Fellow Pakistanis,
I speak to you not as a career politician, but as someone who has watched this country for decades — its struggles, its resilience, and above all, the extraordinary dignity of its people in the face of extraordinary difficulties.
Pakistan is not a poor country. It is a country with an abundance of talent, natural resources, a young population, and a geographic position that the world envies. What has held us back is not a lack of potential — it is a failure of leadership and a political culture that has, for too long, served itself rather than the nation.
Awam League was founded on a refusal to accept that this is how things must be.
We believe in Pakistan — not as a sentimental ideal, but as a practical project that requires honest work, genuine reform, and political representation that genuinely belongs to the people. Our party does not belong to a family. It does not depend on inherited voter banks or borrowed loyalties. It belongs to every Pakistani who believes that this country can be better.

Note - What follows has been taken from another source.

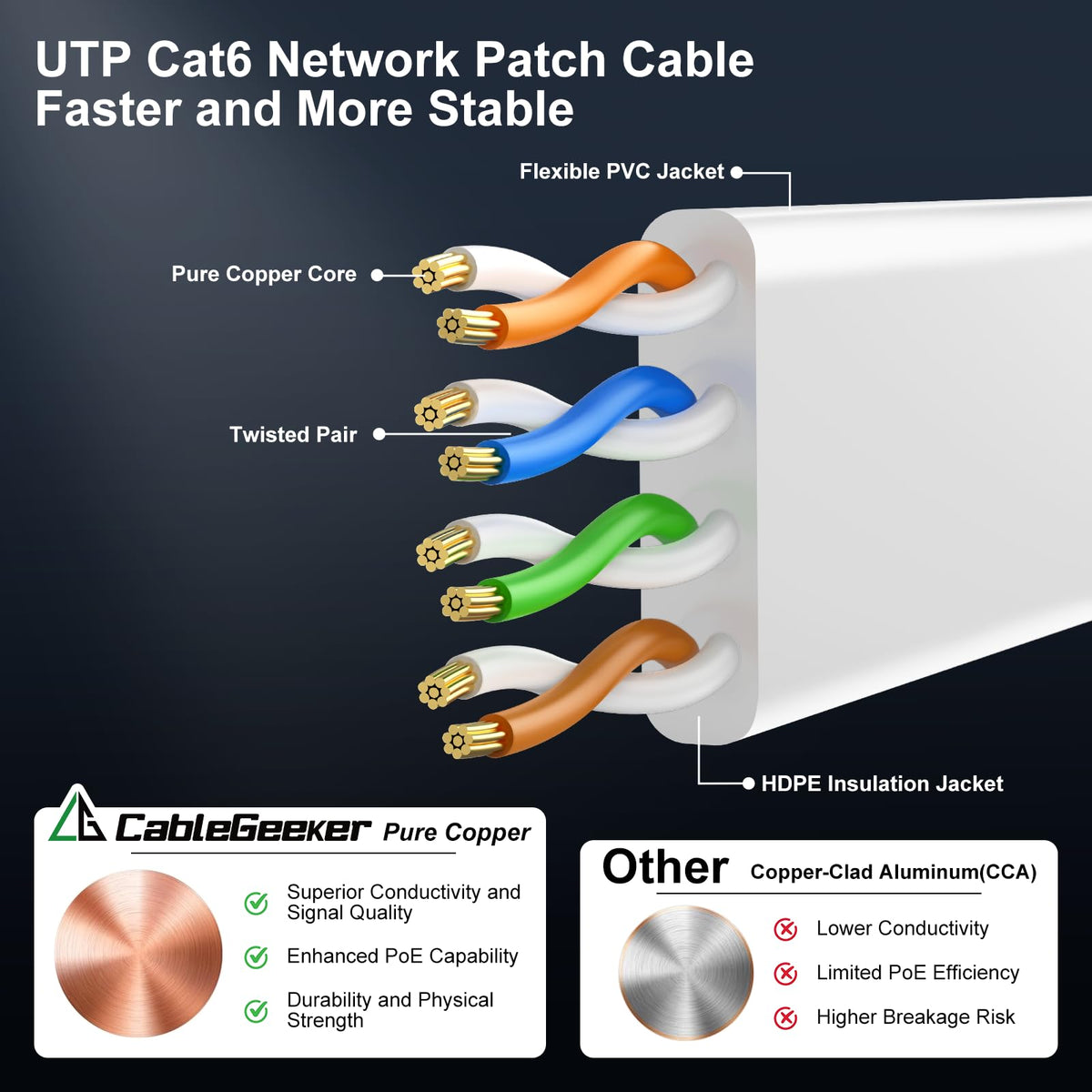 Cat 6 Ethernet Cable 100ft - High Speed 10Gbps, Indoor&Outdoor, Slim Flat Design, Supports Cat7 Network - for Router, Modem, PS4/5, Xbox - White, Weatherproof, Includes 35 Clips & 4 Straps 🍁 All In One Marketplace Canada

Our vision is not complicated. We want a Pakistan where a child born in Balochistan has the same opportunity as a child born in Lahore. Where a woman in Khyber Pakhtunkhwa has the same legal protections as anyone else. Where a farmer in Sindh receives a fair price for his harvest, and a worker in Punjab earns a living wage.
These are not radical demands. In a country as rich in potential as Pakistan, they are simply reasonable ones.
I am aware that trust in political parties — in all political institutions — has been severely damaged by decades of unfulfilled promises. I do not ask you to trust Awam League blindly. I ask you to hold us to what we say. Read our manifesto. Read our constitution. Judge us by whether we live up to both.
Pakistan’s best days are not behind us. They are ahead — if we build them together.